Fonte: La Stampa
di Lorenzo Vidino
Rafforzamento dell’intelligence e prevenzione in rete
L’Italia è stata finora brava e fortunata nel confrontare la minaccia del terrorismo jihadista. Brava perché ha risposto con un sistema normativo adeguato (figlio della lotta al terrorismo di altre matrici ed alla mafia) e con un eccellente lavoro del nostro Antiterrorismo. Fortunata perché non ha visto gli alti livelli di radicalizzazione degli altri Paesi europei e perché nessuno dei pochi radicalizzati nostrani è andato al di là delle mere intenzioni di colpire sul nostro territorio.
Non ci si può però cullare sugli allori e si capisce che, proprio in una fase in cui il numero delle seconde generazioni musulmane e dei nuovi arrivi da Paesi islamici sono in crescita esponenziale, le cose potrebbero cambiare per il peggio, portandoci a vedere le drammatiche dinamiche viste in Francia, Belgio o Inghilterra.
É proprio per questo che ieri è stata approvata alla Camera la prima strategia italiana di prevenzione della radicalizzazione. Si tratta di un approccio nuovo per il nostro Paese, ma rodato in tutta Europa e in molti Paesi mediorientali, dove è opinione comune che una strategia basata solamente sulla repressione sia incompleta.
Monitoraggio, inchieste, lavoro d’intelligence, arresti ed espulsioni sono la spina dorsale del contrasto al terrorismo. Ma è poco realistico pensare che si possa sempre stanare il prossimo commando o individuare il prossimo lupo solitario prima che colpiscano. É per questo che alla repressione sono ormai da anni affiancate misure di prevenzione della radicalizzazione. Si cerca cioè di evitare che giovani musulmani siano attratti dalle sirene del Califfato o di de-radicalizzare soggetti che già lo sono stati, in casi estremi anche foreign fighters di ritorno o condannati per terrorismo da poco rilasciati.
La nuova legge introduce questo approccio anche in Italia. Inizialmente proposta dagli onorevoli Manciulli e Dambruoso, che da anni a vario titolo si occupano della materia, la legge ha subito varie modifiche durante l’iter parlamentare.
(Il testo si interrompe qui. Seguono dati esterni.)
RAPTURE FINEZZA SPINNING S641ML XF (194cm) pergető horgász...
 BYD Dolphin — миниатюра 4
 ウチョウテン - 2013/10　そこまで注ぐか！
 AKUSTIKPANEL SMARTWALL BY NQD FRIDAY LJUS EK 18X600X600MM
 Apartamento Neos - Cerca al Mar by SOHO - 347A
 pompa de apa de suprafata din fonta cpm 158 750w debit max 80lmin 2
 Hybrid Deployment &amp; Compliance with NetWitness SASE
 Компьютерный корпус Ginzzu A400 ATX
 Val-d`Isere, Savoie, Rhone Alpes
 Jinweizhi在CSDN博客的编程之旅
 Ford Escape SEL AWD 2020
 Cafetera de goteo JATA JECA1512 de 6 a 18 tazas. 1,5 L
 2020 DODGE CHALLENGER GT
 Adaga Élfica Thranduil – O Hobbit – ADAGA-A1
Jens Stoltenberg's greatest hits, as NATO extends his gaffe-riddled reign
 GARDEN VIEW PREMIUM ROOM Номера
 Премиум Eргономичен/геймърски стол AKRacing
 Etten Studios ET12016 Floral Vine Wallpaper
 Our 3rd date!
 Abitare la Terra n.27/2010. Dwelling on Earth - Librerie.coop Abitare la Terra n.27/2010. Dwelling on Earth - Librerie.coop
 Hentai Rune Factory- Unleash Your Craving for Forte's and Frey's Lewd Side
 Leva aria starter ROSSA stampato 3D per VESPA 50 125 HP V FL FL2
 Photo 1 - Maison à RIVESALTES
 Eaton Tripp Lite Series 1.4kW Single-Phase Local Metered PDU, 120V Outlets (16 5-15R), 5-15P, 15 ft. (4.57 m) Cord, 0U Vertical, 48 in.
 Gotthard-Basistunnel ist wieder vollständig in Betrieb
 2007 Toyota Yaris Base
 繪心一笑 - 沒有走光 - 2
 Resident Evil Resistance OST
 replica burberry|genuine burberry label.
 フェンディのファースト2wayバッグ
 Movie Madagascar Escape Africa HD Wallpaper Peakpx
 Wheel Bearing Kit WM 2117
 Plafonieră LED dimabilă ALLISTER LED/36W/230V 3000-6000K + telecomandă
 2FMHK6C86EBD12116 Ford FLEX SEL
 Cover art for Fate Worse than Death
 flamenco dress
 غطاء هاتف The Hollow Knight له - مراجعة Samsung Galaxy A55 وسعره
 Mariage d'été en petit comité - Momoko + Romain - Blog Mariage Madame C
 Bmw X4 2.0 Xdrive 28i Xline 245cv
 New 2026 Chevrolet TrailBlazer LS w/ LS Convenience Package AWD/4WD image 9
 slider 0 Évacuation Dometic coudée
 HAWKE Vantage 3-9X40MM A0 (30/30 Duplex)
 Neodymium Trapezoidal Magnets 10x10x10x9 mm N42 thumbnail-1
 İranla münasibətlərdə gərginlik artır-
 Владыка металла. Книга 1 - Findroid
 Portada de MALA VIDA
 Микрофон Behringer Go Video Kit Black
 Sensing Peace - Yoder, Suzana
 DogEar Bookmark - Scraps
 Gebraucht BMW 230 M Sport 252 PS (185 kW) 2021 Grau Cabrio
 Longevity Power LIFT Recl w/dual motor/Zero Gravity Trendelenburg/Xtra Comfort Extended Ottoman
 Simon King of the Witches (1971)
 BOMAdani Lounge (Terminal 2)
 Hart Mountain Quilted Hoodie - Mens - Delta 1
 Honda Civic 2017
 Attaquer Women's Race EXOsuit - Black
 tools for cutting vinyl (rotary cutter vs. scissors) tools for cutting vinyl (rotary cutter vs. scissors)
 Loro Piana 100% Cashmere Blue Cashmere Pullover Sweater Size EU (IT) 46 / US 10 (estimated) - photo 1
Dal testo esce la nuova strategia che, coordinata centralmente da un organo apposito e da un comitato parlamentare, ma implementata a livello locale, pone in essere una serie di iniziative volte a impedire che giovani musulmani nati e cresciuti nel nostro Paese voltino le spalle alla nostra società e si radicalizzino.
Si vuole dunque contrapporre al messaggio jihadista non solo un contrasto poliziesco, ma un vero e proprio muro culturale, coinvolgendo varie parti dello Stato (fondamentale per esempio il ruolo della scuola) e della società civile (in primis comunità islamiche, ma anche il mondo dell’accoglienza e le società di Internet).
La legge dedica giustamente un’attenzione speciale alla radicalizzazione su internet e nelle carceri. Ma i fronti su cui lavorare sono molteplici. Ed è chiaro che la legge porta una parte della responsabilità della prevenzione della radicalizzazione a tutta la società e non solo alle forze dell’ordine o di intelligence.
È una rivoluzione culturale per il nostro Antiterrorismo, che si deve aprire maggiormente all’interazione con vari partner non usuali, ma anche per la nostra società tutta, che proprio perché non ha ancora visto le drammatiche dinamiche di radicalizzazione e polarizzazione sociale viste Oltralpe, deve adoperarsi perché non si replichino anche nel nostro Paese.